A fun fact: McMahon became interested in government when she was just 12 years old. Growing up in Minnesota, she had a paper route, and would walk from house-to-house delivering the papers. Along the way, she’d read the stories.
“I had to read the papers in such a way that the recipient wouldn’t be able to tell. I had to carefully fold the paper back and then pick up reading in the same spot with the next paper I had to deliver. Later, as a teenager, when I got into high school, I became more interested in government and used my babysitting money to buy a Newsweek subscription. It just snowballed from there.”

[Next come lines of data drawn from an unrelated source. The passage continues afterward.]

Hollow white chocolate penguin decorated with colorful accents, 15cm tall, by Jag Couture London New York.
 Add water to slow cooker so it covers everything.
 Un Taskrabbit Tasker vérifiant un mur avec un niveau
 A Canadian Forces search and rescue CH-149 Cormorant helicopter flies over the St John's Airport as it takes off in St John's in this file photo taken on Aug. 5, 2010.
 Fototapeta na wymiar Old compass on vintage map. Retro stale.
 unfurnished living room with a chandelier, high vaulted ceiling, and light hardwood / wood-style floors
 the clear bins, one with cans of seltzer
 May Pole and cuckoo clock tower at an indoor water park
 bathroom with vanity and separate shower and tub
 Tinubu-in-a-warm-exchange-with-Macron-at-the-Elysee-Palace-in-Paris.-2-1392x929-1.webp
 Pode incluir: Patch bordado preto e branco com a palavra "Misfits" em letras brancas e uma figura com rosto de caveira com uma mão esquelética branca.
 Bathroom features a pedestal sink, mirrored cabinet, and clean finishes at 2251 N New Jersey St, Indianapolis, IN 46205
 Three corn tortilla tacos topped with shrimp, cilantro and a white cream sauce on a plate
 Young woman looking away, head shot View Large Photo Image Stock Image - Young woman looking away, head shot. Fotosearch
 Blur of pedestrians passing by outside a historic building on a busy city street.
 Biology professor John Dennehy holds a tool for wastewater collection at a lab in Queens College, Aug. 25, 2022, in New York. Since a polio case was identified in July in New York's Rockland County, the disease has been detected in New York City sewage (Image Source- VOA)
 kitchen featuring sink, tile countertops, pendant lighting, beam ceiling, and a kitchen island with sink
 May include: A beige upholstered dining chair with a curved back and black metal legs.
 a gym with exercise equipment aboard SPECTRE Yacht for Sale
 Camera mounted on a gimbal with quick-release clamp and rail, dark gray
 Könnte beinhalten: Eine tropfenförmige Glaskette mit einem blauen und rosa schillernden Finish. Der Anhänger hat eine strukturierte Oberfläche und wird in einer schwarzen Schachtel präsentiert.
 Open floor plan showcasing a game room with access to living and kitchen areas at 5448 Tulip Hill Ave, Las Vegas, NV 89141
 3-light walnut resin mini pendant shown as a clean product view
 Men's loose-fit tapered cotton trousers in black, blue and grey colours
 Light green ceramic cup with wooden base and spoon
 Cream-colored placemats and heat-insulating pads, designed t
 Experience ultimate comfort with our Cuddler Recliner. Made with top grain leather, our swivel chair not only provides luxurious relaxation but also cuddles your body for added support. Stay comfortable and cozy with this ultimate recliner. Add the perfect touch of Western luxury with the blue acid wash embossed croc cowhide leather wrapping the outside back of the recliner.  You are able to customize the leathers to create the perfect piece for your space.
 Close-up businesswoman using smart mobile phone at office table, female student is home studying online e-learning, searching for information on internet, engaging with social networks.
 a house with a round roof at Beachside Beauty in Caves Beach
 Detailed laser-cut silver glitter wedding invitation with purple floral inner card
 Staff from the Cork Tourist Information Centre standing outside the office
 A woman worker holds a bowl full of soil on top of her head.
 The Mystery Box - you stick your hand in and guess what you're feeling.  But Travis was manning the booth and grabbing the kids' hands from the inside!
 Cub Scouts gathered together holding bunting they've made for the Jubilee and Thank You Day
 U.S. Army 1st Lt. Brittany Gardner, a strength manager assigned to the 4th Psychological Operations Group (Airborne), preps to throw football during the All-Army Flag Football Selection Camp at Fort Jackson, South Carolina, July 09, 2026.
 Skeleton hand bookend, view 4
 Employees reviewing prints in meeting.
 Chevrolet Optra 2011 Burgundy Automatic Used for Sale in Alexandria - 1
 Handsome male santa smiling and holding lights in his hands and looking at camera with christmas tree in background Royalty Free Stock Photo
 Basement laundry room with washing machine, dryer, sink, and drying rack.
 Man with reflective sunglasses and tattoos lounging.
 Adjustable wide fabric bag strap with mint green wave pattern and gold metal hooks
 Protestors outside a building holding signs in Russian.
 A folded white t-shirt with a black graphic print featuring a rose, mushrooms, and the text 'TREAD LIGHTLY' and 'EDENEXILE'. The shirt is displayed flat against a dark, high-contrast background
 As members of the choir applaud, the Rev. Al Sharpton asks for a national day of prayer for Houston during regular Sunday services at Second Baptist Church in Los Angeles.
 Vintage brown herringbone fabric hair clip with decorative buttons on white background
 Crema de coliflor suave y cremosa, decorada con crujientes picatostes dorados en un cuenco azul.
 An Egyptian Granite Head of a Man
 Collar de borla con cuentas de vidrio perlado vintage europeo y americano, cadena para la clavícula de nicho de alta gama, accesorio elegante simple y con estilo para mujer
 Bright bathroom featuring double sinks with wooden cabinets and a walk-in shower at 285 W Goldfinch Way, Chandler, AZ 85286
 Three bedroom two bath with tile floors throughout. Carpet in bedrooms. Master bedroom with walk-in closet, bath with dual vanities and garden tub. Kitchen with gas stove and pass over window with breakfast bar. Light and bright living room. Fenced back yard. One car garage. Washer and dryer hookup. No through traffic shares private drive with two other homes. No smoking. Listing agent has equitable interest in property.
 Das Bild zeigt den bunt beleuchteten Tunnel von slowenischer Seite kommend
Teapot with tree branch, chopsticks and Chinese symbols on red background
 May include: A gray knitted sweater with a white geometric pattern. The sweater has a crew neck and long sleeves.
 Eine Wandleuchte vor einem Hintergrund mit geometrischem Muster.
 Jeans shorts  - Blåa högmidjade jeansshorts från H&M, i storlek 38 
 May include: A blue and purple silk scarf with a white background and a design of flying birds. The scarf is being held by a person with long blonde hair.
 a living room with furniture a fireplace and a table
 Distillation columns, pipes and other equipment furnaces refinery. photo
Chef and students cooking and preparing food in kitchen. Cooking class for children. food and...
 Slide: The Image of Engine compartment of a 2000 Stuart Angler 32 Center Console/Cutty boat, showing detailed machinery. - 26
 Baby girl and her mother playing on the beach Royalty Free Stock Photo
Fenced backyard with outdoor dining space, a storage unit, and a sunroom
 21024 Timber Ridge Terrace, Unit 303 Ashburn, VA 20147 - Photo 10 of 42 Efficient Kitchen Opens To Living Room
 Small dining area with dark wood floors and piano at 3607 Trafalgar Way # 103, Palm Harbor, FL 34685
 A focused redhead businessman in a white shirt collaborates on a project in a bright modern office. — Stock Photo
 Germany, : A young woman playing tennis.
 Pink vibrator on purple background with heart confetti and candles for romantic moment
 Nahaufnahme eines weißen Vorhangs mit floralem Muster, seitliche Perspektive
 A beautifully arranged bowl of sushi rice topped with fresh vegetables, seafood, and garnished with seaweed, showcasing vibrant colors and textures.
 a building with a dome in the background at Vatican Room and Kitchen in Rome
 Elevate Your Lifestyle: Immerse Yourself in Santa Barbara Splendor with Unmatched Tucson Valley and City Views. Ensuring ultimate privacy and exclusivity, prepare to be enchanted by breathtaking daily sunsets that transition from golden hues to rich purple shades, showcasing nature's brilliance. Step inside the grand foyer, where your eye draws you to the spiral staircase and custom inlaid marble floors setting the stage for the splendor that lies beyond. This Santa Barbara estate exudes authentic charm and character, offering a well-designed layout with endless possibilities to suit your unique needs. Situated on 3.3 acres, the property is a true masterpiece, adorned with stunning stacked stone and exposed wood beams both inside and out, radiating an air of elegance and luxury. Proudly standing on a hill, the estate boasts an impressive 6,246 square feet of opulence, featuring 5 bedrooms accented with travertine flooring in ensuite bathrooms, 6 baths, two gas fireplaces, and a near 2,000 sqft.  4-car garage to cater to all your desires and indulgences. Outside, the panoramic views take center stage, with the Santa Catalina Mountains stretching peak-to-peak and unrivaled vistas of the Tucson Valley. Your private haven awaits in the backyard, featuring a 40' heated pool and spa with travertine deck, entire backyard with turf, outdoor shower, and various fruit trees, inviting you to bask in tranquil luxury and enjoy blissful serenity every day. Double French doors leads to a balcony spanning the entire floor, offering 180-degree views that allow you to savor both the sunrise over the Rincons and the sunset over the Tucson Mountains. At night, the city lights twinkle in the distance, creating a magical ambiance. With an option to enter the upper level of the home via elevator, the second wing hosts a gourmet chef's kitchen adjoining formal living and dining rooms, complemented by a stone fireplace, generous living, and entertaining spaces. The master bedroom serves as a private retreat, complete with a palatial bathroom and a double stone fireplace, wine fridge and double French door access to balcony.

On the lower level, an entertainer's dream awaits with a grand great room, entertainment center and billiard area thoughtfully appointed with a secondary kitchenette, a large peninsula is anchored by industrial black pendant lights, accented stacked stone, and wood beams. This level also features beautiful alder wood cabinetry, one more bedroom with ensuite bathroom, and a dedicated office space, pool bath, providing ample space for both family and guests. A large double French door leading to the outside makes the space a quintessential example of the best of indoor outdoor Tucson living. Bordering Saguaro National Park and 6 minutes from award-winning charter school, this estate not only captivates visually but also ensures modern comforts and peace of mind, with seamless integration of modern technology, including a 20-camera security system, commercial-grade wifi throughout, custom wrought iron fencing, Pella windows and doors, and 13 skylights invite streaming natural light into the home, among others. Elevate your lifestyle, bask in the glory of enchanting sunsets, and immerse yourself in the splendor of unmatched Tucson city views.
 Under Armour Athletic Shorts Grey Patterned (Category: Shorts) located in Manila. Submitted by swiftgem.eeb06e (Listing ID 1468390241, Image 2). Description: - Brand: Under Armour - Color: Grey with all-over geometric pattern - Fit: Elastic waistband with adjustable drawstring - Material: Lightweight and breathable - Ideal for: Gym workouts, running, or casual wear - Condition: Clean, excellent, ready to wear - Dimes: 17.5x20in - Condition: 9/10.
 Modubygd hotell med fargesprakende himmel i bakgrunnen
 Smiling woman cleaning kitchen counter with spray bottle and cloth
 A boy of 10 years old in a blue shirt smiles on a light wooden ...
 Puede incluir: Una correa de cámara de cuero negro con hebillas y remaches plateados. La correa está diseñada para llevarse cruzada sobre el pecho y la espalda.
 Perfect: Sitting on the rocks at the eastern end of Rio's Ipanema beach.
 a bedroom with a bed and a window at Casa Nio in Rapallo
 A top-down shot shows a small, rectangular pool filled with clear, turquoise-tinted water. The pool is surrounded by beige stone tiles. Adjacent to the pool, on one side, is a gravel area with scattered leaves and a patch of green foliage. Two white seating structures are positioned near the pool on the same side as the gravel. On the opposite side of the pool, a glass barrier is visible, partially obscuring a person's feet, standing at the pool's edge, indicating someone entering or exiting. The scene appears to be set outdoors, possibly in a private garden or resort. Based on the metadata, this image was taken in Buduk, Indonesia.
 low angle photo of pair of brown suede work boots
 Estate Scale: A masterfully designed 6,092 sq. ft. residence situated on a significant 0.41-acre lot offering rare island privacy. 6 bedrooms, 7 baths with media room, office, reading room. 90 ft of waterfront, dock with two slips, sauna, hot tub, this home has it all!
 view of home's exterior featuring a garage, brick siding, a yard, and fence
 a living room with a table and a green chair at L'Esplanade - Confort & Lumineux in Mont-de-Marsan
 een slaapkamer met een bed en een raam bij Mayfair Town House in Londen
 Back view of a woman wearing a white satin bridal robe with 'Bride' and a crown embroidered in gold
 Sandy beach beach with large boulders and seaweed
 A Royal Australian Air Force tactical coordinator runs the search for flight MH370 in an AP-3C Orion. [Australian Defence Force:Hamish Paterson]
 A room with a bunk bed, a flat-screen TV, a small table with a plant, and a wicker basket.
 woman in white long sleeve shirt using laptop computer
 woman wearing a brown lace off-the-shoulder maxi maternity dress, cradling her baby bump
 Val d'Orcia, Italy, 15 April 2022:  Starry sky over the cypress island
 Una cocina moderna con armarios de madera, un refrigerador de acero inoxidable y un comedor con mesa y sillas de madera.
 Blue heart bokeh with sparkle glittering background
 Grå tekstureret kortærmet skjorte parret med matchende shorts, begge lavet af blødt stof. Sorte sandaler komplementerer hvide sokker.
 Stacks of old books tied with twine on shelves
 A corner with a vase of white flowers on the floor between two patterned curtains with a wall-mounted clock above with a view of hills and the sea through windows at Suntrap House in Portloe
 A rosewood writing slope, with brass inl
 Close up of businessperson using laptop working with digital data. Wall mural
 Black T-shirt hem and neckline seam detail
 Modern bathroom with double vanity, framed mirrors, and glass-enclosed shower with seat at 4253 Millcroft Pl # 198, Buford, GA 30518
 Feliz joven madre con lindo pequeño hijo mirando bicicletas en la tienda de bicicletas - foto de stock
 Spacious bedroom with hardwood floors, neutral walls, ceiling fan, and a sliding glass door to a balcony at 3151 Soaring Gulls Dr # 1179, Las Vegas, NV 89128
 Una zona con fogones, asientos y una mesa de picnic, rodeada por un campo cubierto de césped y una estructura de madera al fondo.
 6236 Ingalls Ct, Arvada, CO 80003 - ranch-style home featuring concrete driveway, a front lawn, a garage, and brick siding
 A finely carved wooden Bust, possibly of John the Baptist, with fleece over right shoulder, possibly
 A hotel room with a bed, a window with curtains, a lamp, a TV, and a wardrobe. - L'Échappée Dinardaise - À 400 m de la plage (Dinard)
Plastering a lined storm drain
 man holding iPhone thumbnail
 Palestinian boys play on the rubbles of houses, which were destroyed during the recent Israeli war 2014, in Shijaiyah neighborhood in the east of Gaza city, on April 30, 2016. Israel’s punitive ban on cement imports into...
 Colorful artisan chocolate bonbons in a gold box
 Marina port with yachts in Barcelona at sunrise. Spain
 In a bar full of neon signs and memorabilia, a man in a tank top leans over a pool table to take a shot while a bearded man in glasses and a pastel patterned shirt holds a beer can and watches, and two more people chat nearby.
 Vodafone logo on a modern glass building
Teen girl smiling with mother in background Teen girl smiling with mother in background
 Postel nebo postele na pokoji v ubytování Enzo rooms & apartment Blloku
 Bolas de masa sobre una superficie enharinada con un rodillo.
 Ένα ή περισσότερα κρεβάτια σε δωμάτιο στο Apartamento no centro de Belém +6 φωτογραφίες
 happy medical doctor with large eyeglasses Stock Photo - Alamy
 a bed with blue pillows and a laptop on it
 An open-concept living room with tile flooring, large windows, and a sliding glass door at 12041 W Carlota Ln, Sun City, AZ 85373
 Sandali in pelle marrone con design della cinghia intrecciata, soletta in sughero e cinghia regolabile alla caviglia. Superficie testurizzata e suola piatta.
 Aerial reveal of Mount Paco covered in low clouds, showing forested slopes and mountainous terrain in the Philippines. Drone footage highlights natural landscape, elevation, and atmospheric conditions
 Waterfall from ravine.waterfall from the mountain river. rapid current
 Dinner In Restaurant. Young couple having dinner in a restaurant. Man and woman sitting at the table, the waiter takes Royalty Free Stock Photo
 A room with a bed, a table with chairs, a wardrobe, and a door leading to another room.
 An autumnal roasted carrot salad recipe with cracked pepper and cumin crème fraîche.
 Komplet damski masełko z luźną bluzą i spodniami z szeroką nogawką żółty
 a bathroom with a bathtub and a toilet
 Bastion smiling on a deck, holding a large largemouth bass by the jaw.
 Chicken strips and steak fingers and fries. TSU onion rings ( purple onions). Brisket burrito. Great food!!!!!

Two dream guests McMahon would love to have on her show are Michelle Obama and George W. Bush. “They would be a dream combination to interview, because they are actually really good friends. I love the idea that these two people from two totally different backgrounds can respect each other and enjoy each other’s company.”
In her downtime, McMahon is an avid reader. “I’ll be watching the TV with my husband and have a book in my hands reading simultaneously. My husband is like, “Are you even paying attention to this?’”
One book that has made a profound impact on McMahon is by her good friend Adam Grant.
“Think Again is a must-read. What I think is dangerous is forming an opinion and never revisiting it again. Like, some people never move off of a position, no matter how much new evidence is presented to them. Thinking again is something that too few people are willing to do, but it’s absolutely crucial if we want to have the best government, public policy, taxes, laws, relationships… anything, really. We have to be willing to rethink how we are doing things. And maybe the reexamination will lead us to the same conclusion, but the process of reexamination is incredibly important and valuable.”
The best piece of advice McMahon has gotten has been, “You are meant to attract the right people to you and repel the wrong people away from you,” she said. “Having the goal of everyone liking you is the most futile, worthless goal you can have, because it means you are not doing anything of substance. Some people will not agree with you, like your methods, or anything you have to say. Once you let go of the idea that everyone has to like you, it’s incredibly freeing.”
McMahon has been married for 21 years and has four children. She is addicted to learning.
“There is a lot of information acquisition that takes place in my brain. It’s a little like being a marathon runner, where you have to continually consume more calories because your brain is just hungry for it. So I’m always asking, ‘What can I learn?’ It’s exhausting, because like my husband said, I can’t just sit and watch TV. I have to read, too, because I’m always in the act of learning. That’s just how it works for me, but I love it.”